I've just finished a book called 'The Nature of Technology' by W Brian Arthur. It's an interesting read and unexpectedly sparked some thoughts about how we perceive the nature of the church.'
The Nature of Technology: What It Is and How It Evolves' examines technology as a subject. It goes way beyond any other treatments of technology that I've read. There are many books about
particular technologies (the steam engine, the computer, molecular engineering) but
Brian Arthur has analysed the nature of technology itself.
Towards the end of the book, Professor Arthur discusses our ambivalent attitudes towards technology. At one time technology was seen to bring order and was regarded as almost heroic.
In the time of Descartes we began to interpret the world in terms of the perceived qualities of technology: its mechanical linkages, its formal order, its motive power, its simple geometry, its clean surfaces, its beautiful clockwork exactness. These qualities have projected themselves on culture and thought as ideals to be used for explanation and emulation.

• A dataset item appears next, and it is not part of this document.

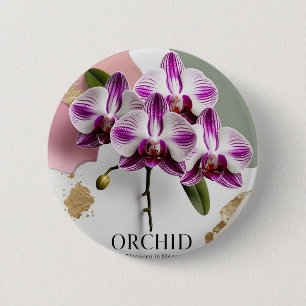 Minimales Orchid Button - Subtile Schönheit, Allta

But since those days, further development has resulted in technology that is fundamentally more fluid, organic, and adaptable. If you want to understand why you will have to read the book, there is no room to give the necessary detail here. But Arthur writes
Our interpretation of the world is ... becoming more open and organic; and ... technology has a part in this shift. ... Not only is our understanding of the economy changing to reflect a more open, organic view. Our interpretation of the world is also becoming more open and organic; and again technology has a part in this shift.
Interestingly, I think we can see the same trend in our attitude to church life.
In Victorian times church was highly structured and hierarchical. Clergy (at least the better ones) worked hard to create learned, reasoned sermons, missions were like well-oiled machines. Military precision was applied to the task of meeting social need; the Salvation Army and the Church Army went so far as to adopt military-style uniforms as well as military names and ranks.
But by the 1960s there were early signs of change as some people began experimenting with informal, organic, more flexible ways of meeting. The home environment and smaller groups were popular on the developing fringes of church. This trend has accelerated during the last five decades as George Barna's recent statistics show very clearly in the USA. But the trend is affecting church life in many other parts of the world too.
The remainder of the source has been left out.